Lines from the one containing "Miki Tiki Vintage" through the last line of the material below: print these exactly, and only these.

## RECORDS FOR PROCESSING
--------------------------------------------------

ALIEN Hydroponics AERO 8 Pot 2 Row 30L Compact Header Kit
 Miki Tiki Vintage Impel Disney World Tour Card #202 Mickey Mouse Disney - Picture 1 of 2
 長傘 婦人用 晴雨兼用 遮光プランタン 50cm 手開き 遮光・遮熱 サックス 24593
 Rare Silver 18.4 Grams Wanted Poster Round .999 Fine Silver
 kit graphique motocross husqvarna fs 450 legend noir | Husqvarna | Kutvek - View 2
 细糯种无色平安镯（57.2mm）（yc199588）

--------------------------------------------------

## EXERCISE SOLUTION
 Miki Tiki Vintage Impel Disney World Tour Card #202 Mickey Mouse Disney - Picture 1 of 2
 長傘 婦人用 晴雨兼用 遮光プランタン 50cm 手開き 遮光・遮熱 サックス 24593
 Rare Silver 18.4 Grams Wanted Poster Round .999 Fine Silver
 kit graphique motocross husqvarna fs 450 legend noir | Husqvarna | Kutvek - View 2
 细糯种无色平安镯（57.2mm）（yc199588）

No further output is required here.